Nel fare questo, nel proclamare le nuove verità di fede, la sola fides, la sola scriptura, il servo arbitrio, il libero esame delle scritture, il Papa come Anticristo, pone se stesso, il proprio egocentrismo metafisico, al di sopra di tutto: «Io non ammetto» scrive nel giugno del 1522 «che la mia dottrina possa essere giudicata da alcuno, neanche dagli angeli. Chi non riceve la mia dottrina non può giungere alla salvezza»5. Dice questo, dopo aver proclamato che ognuno può leggere e interpretare liberamente le Scritture, convinto, però, che l’unico a farlo correttamente è lui.
Gli altri, come ad esempio i teologi di Lovanio, sono «asini grossolani, delle scrofe maledette, dei sacchi di bestemmie, dei porci epicurei, eretici e idolatri, delle pozze marcie, la brodaglia maledetta dell’inferno».
Nella sua generica condanna dell’uomo e della sua natura cadono anche la ragione e la filosofia. La ragione è definita più volte «la prostituta del diavolo» ed è dichiarata contraria, opposta alla fede; le streghe «bisogna ammazzarle tutte»; Copernico è «un astrologo da quattro soldi» e «un insensato»; i contadini che hanno fatto la rivolta del 1525 vanno sterminati: «Verso i contadini testardi, caparbi, e accecati, che non vogliono sentir ragione, nessuno abbia un po’ di compassione, ma percuota, ferisca, sgozzi, uccida come fossero cani arrabbiati…»; quanto agli ebrei, sulla scia degli eretici flagellanti tedeschi del Medioevo, dichiara: «In primo luogo bisogna dare fuoco alle loro sinagoghe o scuole; e ciò che non vuole bruciare deve essere ricoperto di terra e sepolto, in modo che nessuno possa mai più vederne un sasso o un resto»; inoltre occorre «allo stesso modo distruggere e smantellare anche le loro case, perché essi vi praticano le stesse cose che fanno nelle loro sinagoghe. Perciò li si metta sotto una tettoia o una stalla, come gli zingari»; i cattolici, infine, sono servi del Papa, che è l’Anticristo («maledetto, dannato, vituperato sia il nome dei papisti»), mentre Roma è Sodoma e Gomorra e la bestia dell’Apocalisse.

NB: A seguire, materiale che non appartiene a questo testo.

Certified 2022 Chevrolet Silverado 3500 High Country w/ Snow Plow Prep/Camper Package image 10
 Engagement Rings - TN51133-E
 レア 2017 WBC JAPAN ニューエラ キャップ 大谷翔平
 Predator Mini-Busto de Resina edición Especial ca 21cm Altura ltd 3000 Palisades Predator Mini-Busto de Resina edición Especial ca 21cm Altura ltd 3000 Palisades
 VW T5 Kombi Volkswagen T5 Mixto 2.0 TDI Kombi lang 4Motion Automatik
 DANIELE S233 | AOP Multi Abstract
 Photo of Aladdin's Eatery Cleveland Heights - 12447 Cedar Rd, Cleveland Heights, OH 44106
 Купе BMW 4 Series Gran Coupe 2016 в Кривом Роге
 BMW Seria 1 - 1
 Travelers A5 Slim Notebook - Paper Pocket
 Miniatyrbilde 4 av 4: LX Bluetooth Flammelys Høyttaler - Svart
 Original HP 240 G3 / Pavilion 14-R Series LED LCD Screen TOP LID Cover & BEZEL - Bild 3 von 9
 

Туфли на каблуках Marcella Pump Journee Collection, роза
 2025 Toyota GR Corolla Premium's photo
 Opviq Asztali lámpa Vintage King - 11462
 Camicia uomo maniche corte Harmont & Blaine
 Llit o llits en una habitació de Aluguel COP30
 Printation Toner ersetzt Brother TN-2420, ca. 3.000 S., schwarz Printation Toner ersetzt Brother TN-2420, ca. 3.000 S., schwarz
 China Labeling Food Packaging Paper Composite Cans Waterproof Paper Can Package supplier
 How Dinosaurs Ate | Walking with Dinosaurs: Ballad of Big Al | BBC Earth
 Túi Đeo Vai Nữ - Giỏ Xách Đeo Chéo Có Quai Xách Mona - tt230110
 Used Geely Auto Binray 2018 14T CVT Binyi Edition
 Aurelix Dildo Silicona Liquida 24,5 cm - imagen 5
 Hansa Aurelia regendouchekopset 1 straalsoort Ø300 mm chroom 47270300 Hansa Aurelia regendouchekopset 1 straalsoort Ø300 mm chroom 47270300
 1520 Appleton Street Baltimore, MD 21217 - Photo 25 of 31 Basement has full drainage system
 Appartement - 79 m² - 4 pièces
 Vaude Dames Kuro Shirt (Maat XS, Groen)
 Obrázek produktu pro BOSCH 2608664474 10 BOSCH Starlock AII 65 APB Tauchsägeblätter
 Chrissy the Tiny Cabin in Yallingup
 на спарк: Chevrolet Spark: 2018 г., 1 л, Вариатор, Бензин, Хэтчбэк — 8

In tutto ciò anche la carità, cioè le buone opere, vanno nel dimenticatoio: non è un caso che mentre l’Europa cattolica vede il sorgere delle scuole e degli ospedali moderni, i paesi protestanti sono a lungo esclusi da questo fiorire di opere buone. Sia perché svalutare la capacità dell’uomo di compiere del bene non può che frenare il suo desiderio di farlo, sia perché le terre e i luoghi della Chiesa che offrivano riparo ai poveri, sono stati confiscati dai sovrani protestanti e spesso regalati agli amici o ai nobili che hanno aiutato il processo di usurpazione del potere religioso.
Nei suoi Discorsi a tavola, Lutero racconta che un giorno gli era stato mostrato un bambino minorato mentale. Egli propose subito di sopprimerlo: gli appariva un essere inutile, «che non faceva nient’altro che mangiare, e mangiava come quattro contadini o braccianti». Era, a suo modo di vedere, «solo una massa di carne, nella quale non albergava alcuna anima, se non forse, il diavolo. Ai principi presenti al suo discorso, Lutero disse: “Se io fossi il principe o il signore qui, annegherei di persona il bambino nel fiume”».
Questo disprezzo del bambino malato, e delle opere buone, si collega anche alla tradizionale ostilità di Lutero verso la carne: Lutero nega sia l’Eucaristia, sia la resurrezione dei corpi, a dimostrazione ancora una volta di quanto il suo rapporto con il corpo sia tormentato, prima e dopo la riforma.